Newer advances in data analysis contributed by the field of Machine Learning greatly extend the researchers’ ability to make meaningful discoveries also by:
1.
Enabling accurate and reliable prediction using data with very large numbers of variables and small sample sizes.
2.
Avoiding the significant hurdles of estimating accurate variable coefficients and of modeling the data generating processes by directly building accurate predictive classification models for phenomena of interest and testing the reliability and accuracy of these models without the need for data-generative models and accurate coefficient estimation.
3.
Enabling causal inference within non-experimental data sets.

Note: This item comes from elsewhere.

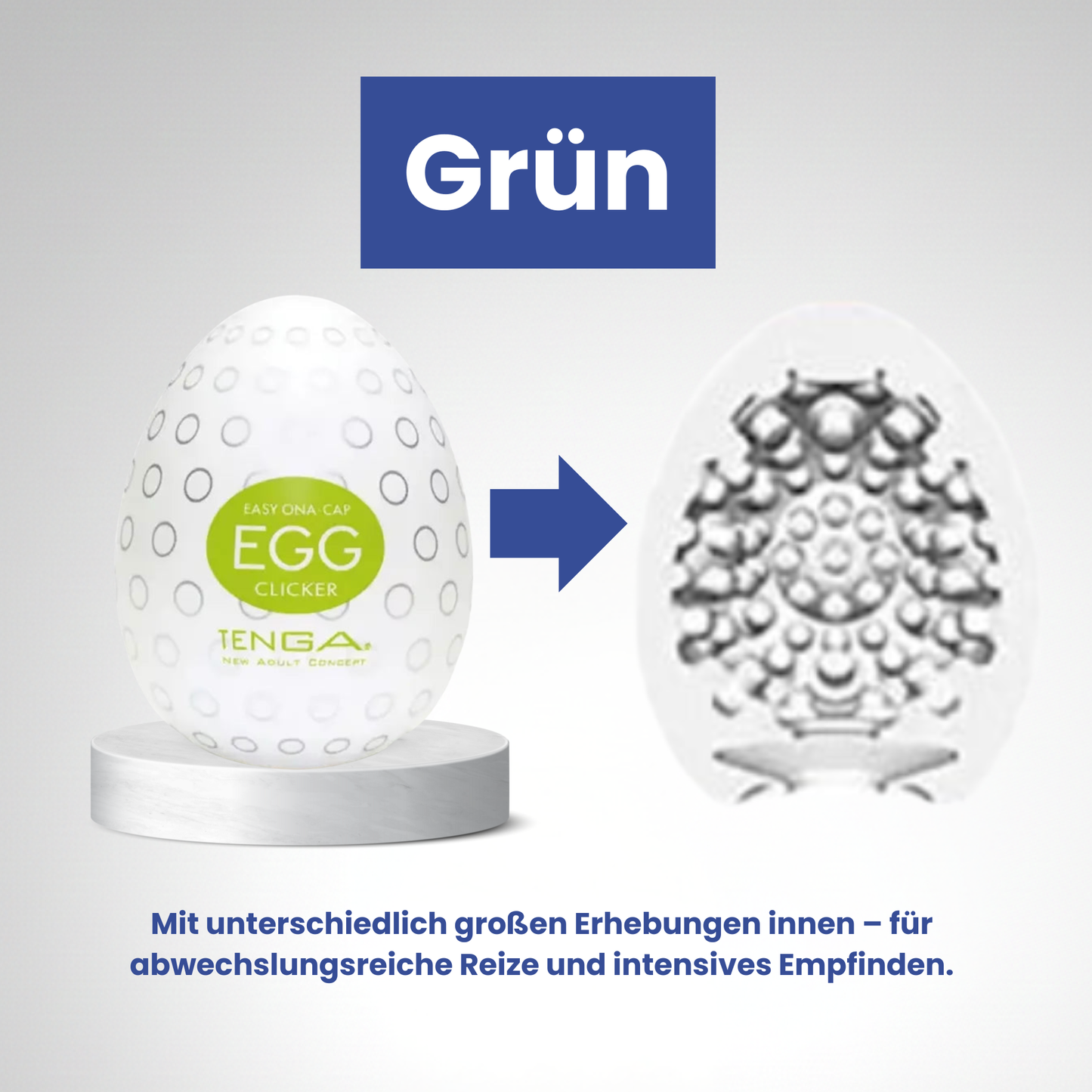 OREADEX One – Diskretes Massagegerät für Erwachsene.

The conceptual foundations for these algorithms are based on thoroughly validated body of work exemplified by the Nobel and Turing award winning work of Herbert Simon, of Turing award winner Judea Pearl, and of Nobel laureate Clive Granger, among other pioneers of non-experimental causal discovery [
38‐
42]. On a purely empirical and practical level, research using ML methods has met exceptional success in a wide range of scientific and technological fields [
34], and it is beginning to penetrate the domain of clinical science, including the fields of psychiatry and pediatrics. ML has demonstrated utility in a variety of applications including the accurate classification in pediatric disorders such as epilepsy, asthma, heart disease, and head injury [
20‐
23]. Within psychiatry, ML has been successfully used in the predictive classification of autism, attention deficit hyperactivity disorder, and schizophrenia [
24‐
26]. ML has recently been used to predict PTSD in acutely traumatized adults [
27,
43]. It has not yet been used to predict PTSD in children or to identify causal processes for PTSD, however. The possibility of using ML to identify causal processes – initiated shortly after exposure to trauma – has important implications for prevention. The detection of such causal processes may thus identify promising targets for preventative intervention.
The current study addresses two broad hypotheses:
Hypothesis 1: ML methods can identify an accurate and reliable predictive classification model for childhood PTSD, from variables measured around the time of trauma.
Hypothesis 2: ML methods can identify variables that not only have predictive value for childhood PTSD, but can also identify those with causal influence.